CARMEN GARRIGOS |Jefa de Inmunización de Unicef en Afganistán

“Los afganos quieren coexistir”

Garrigos, en el Colegio de Abogados de Bilbao instantes antes de la entrevista. / FERNANDO DOMINGO-ALDAMA

Carmen Garrigos (Alicante, 1955) es jefa de Inmunización de Unicef en Afganistán desde julio del pasado año. Su reto es tratar de erradicar la poliomielitis de entre la población infantil del país asiático. Esta enfermedad afecta al sistema nervioso central y lleva a la parálisis, atrofia muscular y, muy a menudo, a la deformidad. En los últimos años, solo hay epidemias de poliomielitis en el norte de Pakistán, sur de Afganistán y Nigeria, indica Garrigos. “El sur de Afganistán es donde hay más conflictos armados. Ahí están los talibanes y Al Qaeda. Tratamos de convencer a todas las partes de la importancia de la vacunación”, comenta.

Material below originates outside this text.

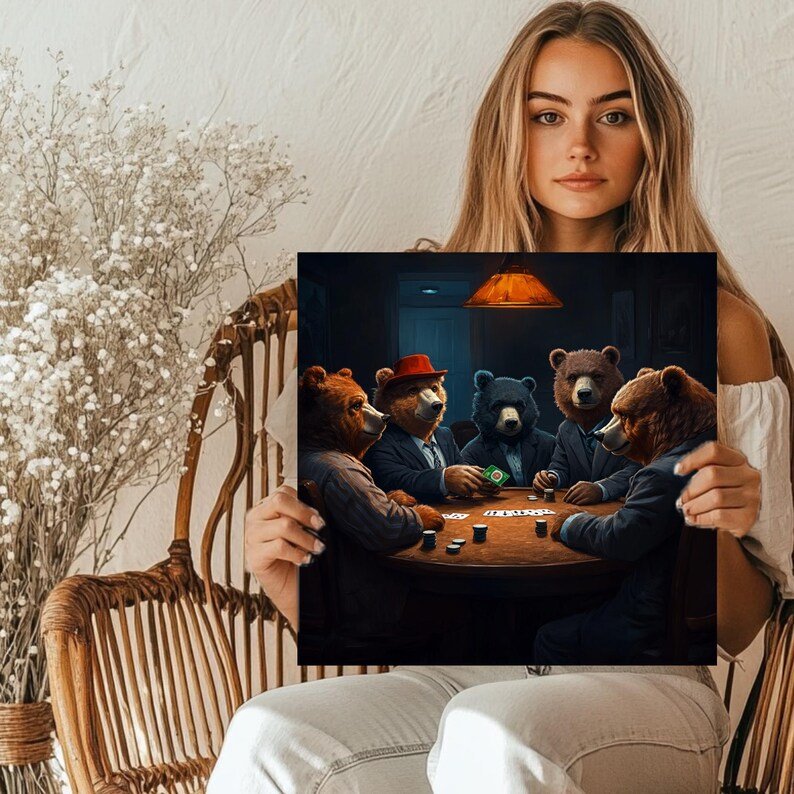 Bear Poker Night Art, Canvas or Poster, Animal Whimsical Decor, Bear Poster, Game Room Office Living Room Man Cave Wall Art, Home Decor - Image 5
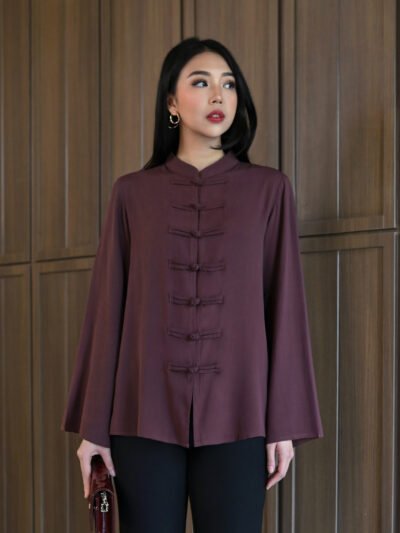 Orchard Cheongsam Plain Ultra Soft Linen - Smoke Wine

La cooperante, que ayer ofreció una conferencia en el Colegio de Abogados de Bilbao, cree que el pueblo afgano atraviesa por un momento “crítico” con la retirada paulatina de las fuerzas internacionales. “Lo que veo es que tienen ganas de encontrar un compromiso de coexistencia”, asevera.

Perfil

Carmen Garrigos (Alicante, 1955) es enfermera especializada en medicina tropical. Se inició como cooperante de la mano de Médicos sin Fronteras en Yibuti (África). Su labor con Unicef arrancó en 1990 como encargada de programas de salud en varias regiones de Somalia. También estuvo destinada en Ruanda (1994), Senegal (2000 al 2007) y Sudán (2007 al 2011). Desde julio pasado es jefa de Inmunización en Afganistán.

P. ¿Qué hace exactamente para luchar contra la poliomielitis?

R. Mi lucha es muy difícil, pero no imposible [risas]. La Organización Mundial de la Salud es responsable de todas las campañas de vacunación y nosotros nos encargamos de la comunicación. Nuestro reto es llegar a todas las personas. Utilizamos las radios locales, hablamos con los líderes religiosos y étnicos, vamos casa por casa... Para acabar con el virus, el 95% de la población de niños menores de cinco años tiene que estar vacunado.

La cooperante trabaja para erradicar la polio entre los niños

P. ¿Queda mucho por hacer?

R. En 2010 hubo 25 casos detectados entre los seis o siete millones de niños afganos. Y en 2011, 80. Pero lo importante no son los casos, sino evitar que el virus se transmita a otros países asiáticos. El objetivo es asfixiar la enfermedad logrando que todos los pequeños se vacunen. Primero, tratamos de convencer a las madres para que lleven a sus hijos a los centros de salud. Cuando no pueden por inseguridad o por factores religiosos, usamos los equipos ambulantes.

P. ¿Qué ocurre con los niños enfermos?

R. Tienen que hacer una rehabilitación, pero no siempre pueden. Y la operación es costosa.

P. ¿Cómo está Afganistán?

R. Es un país con diferentes comunidades religiosas musulmanas, cada una con su líder. La situación es compeja. Ahora están en un momento de transición, con la retirada paulatina de las fuerzas internacionales. Es un momento crítico. Pero lo que veo es que los afganos tienen ganas de encontrar un compromiso de coexistencia. Ningún afgano quiere volver al pasado. Han sufrido mucho. Están cansados y quieren que el pequeño desarrollo de los últimos años continúe. No va a ser fácil, pero confío en ese pueblo.

P. Además de los niños, ¿qué otros sectores de la población son más vulnerables?

R. Lo más importante de la acción humanitaria es salvar vidas. Nuestro mandato de Unicef es centrarnos, sobre todo, en madres y niños. Hay zonas en las que las mujeres participan, pero otras mucho más conservadoras, principalmente en el sur, donde lo tienen complicado y están obligadas, por ejemplo, a llevar burka. Nuestro reto es convencerlas de que tienen que jugar un papel importante en la sociedad en la que viven. Convencerlas a ellas y también a los hombres y líderes religiosos. Siempre desde el respeto y la humildad. El sur es más conservador. Es la parte del país donde hay más conflictos.

P. ¿Corre peligro?

R. Hay peligro. Existen zonas donde continúa habiendo incidentes entre diferentes grupos armados. Hay momentos de tensión y, en ocasiones, limitación de movimientos.

P. ¿Qué es lo que más le gusta de su profesión?

R. [...] Creo que sentirme útil en este mundo. La palabra es contribuir. Trato de enriquecerme con todas las comunidades con las que convivo. Siempre muestro respeto y me gusta recibir lo mismo a cambio. Me siento feliz con esa reciprocidad.